Given an array favorite where favorite[i] represents the favorite person of employee i, you need to find the maximum number of employees that can be invited to the meeting.

The key constraints are:

• Employees must sit in a circle at the table
• Each employee will only attend if they can sit next to their favorite person
• An employee cannot be their own favorite person

For example, if employee A's favorite is B, then A will only attend if they can sit next to B at the circular table. The challenge is to find the largest possible group of employees where everyone's seating preference can be satisfied.

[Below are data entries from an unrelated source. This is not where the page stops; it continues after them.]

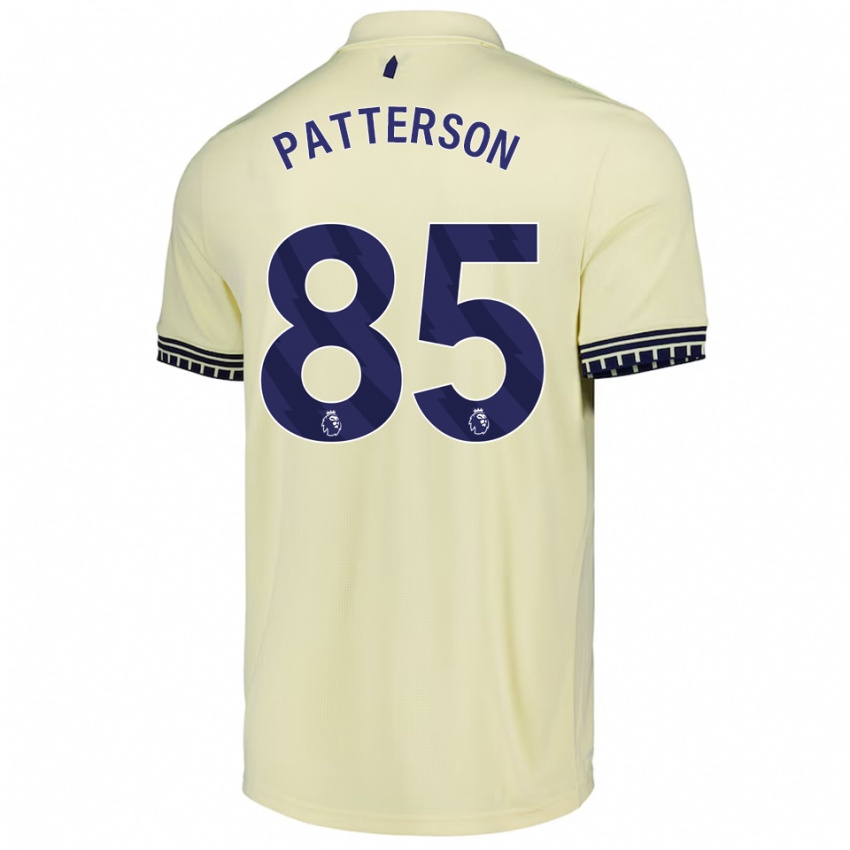 נשים ג'ק פטרסון #85 לבן מלוכלך שחור הרחק ג'רזי 2025/26 חולצה קצרה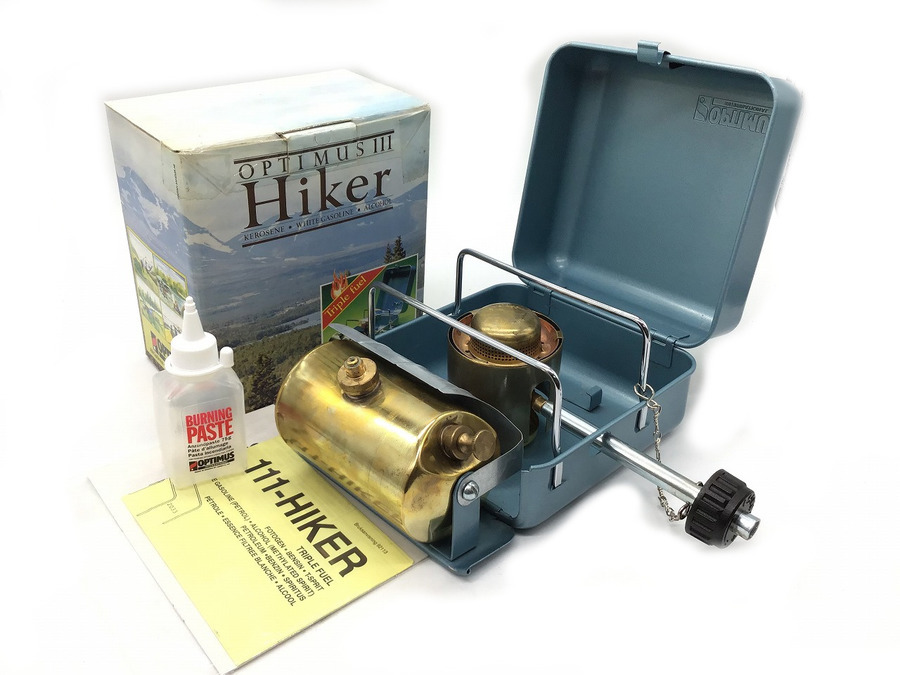 未使用品！Optimus(オプティマス) の111 HIKER(ハイカー) 箱ストーブの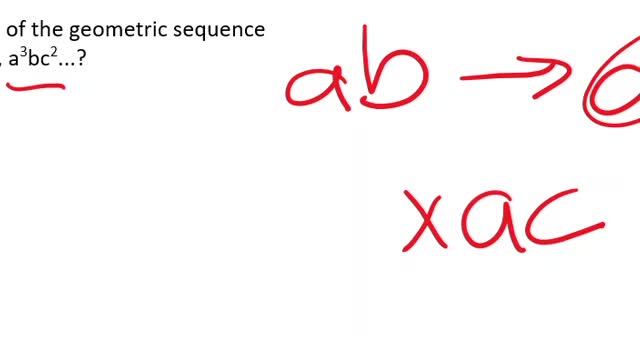 Geometric Sequence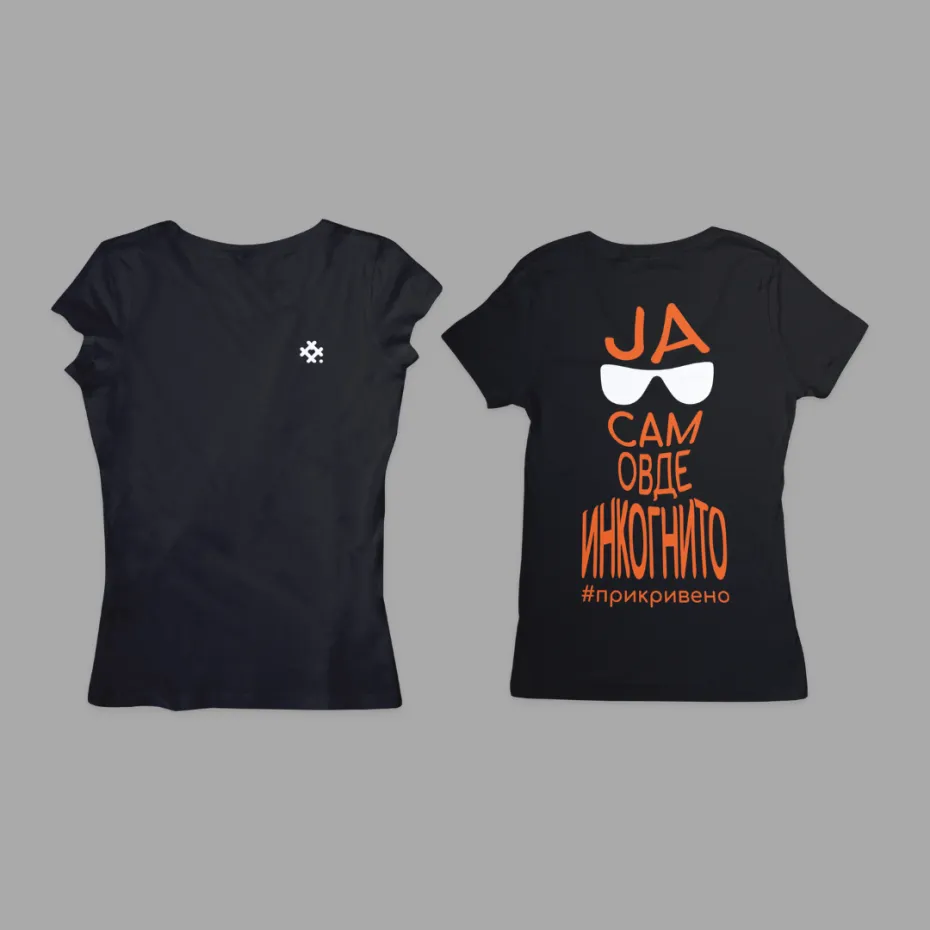 Инкогнито, црна женска мајица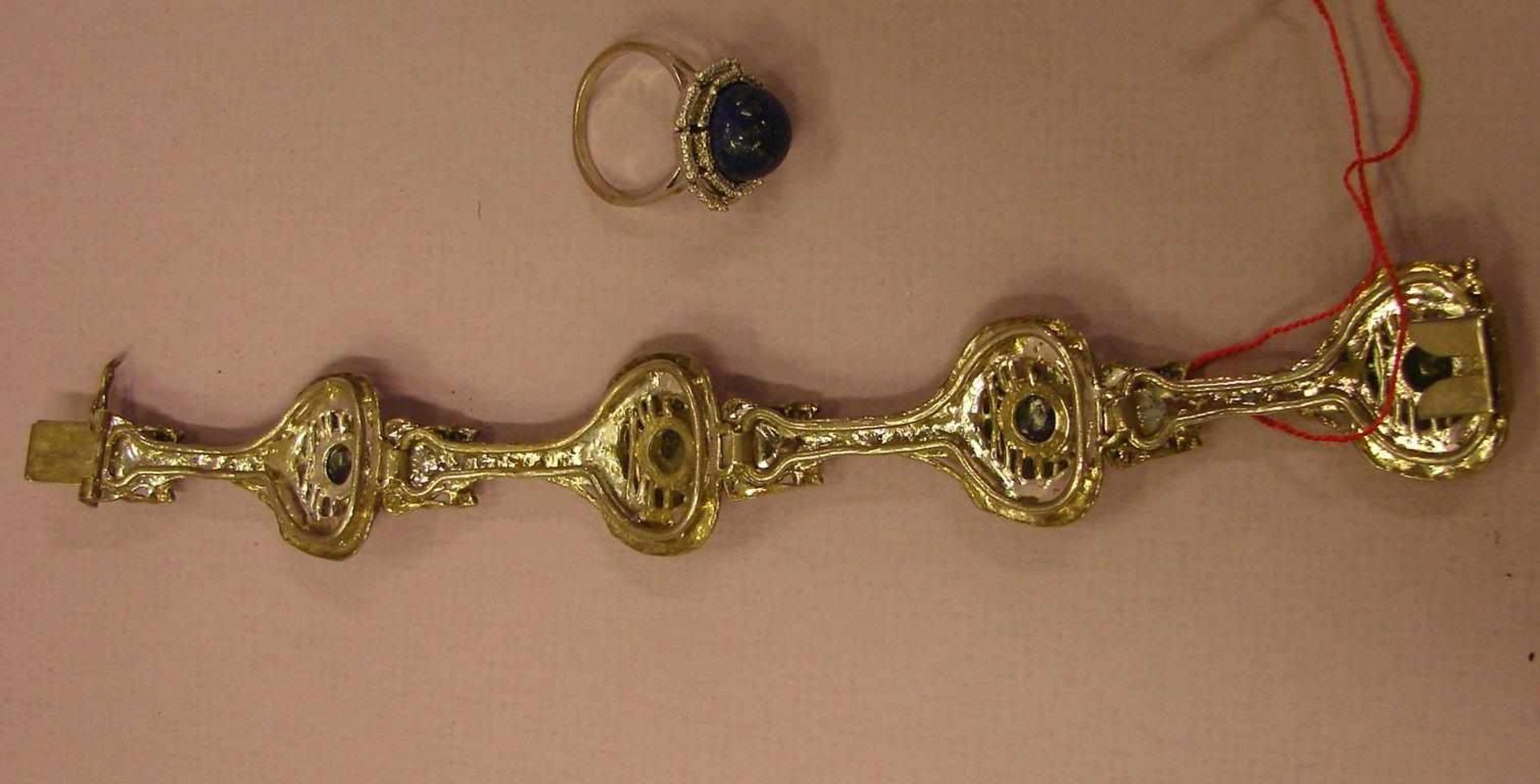 Armband und Ring, 835er Silber, Ringgröße ca. 57 - Image 2 of 2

The problem essentially asks you to find valid seating arrangements where:

1. Employees form a cycle where each person sits next to their favorite, OR
2. Multiple smaller valid groups can be combined (specifically when two employees are each other's favorites, allowing chains to extend from both sides)

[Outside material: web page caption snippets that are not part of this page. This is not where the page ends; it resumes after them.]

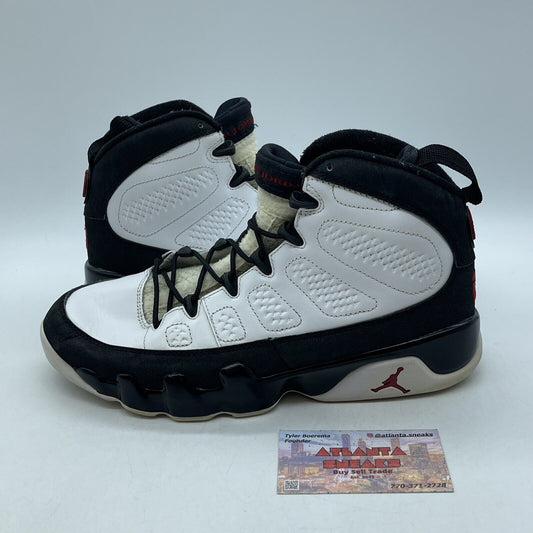 Size 7.5 - Air Jordan 9 Retro 2010 Release Black Suede Leather (302370-102)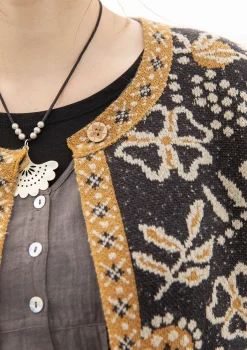 Best Sale Gudrun Sjödén Strickjacke „Rashmi“ aus Bio-Baumwolle schwarzesKashish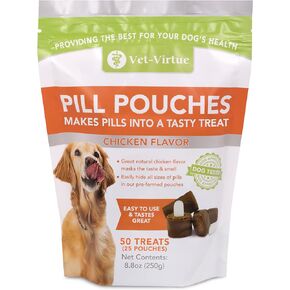 أكياس حبوب الدواء للكلاب، بنكهة الدجاج - سهلة التشكيل وإخفاء علاجات أدوية الحيوانات الأليفة والحبوب والأدوية والكبسولات، مصنوعة من مكونات طبيعية - مليئة بالنكهات التي تحبها الكلاب in Kuwait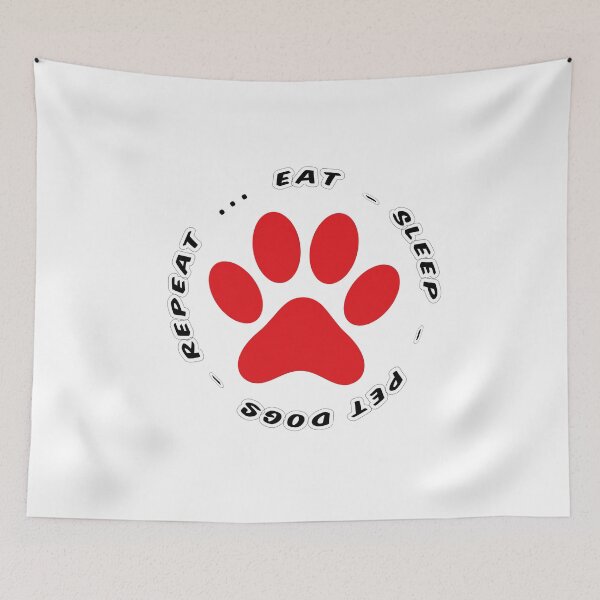 Item preview, eat sleep pet dogs repeat funny dog lovers designed and sold by randomdogshirt.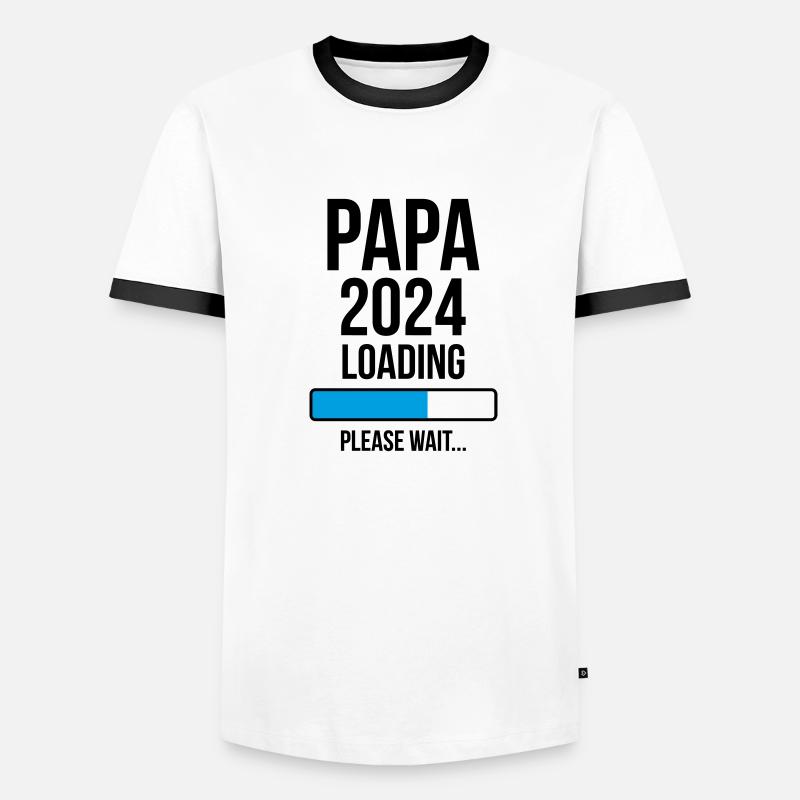 Papa 2024 Loading Please wait... T-shirt contrasté Homme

The solution involves treating this as a directed graph problem where each employee points to their favorite person, and finding either the largest cycle or the sum of all valid two-person mutual relationships with their extending chains.

Flowchart Walkthrough

First, let's pin down the algorithm using the Flowchart. Here's a step-by-step walkthrough:

Is it a graph?

• Yes: The problem involves employees and their favorite person relationships, which forms a directed graph where each node (employee) has exactly one outgoing edge (pointing to their favorite person).

Is it a tree?

• No: The structure is not a tree because it contains cycles. Each employee points to exactly one favorite person, and these relationships can form cycles (e.g., A likes B, B likes C, C likes A).

Is the problem related to directed acyclic graphs?

• No: The graph contains cycles, which is actually central to the problem. We need to find employees who can sit in a circle where everyone sits next to their favorite.

Is the problem related to shortest paths?

• No: We're not looking for shortest paths between nodes. Instead, we're looking for cycles and chains in the graph.

Does the problem involve connectivity?

• Yes: We need to find connected components that form valid seating arrangements - either cycles where everyone's preference is satisfied, or special cases with mutual preferences.

Disjoint Set Union

• While DSU could help identify connected components, the specific nature of this problem (finding cycles and chains) is better suited for DFS.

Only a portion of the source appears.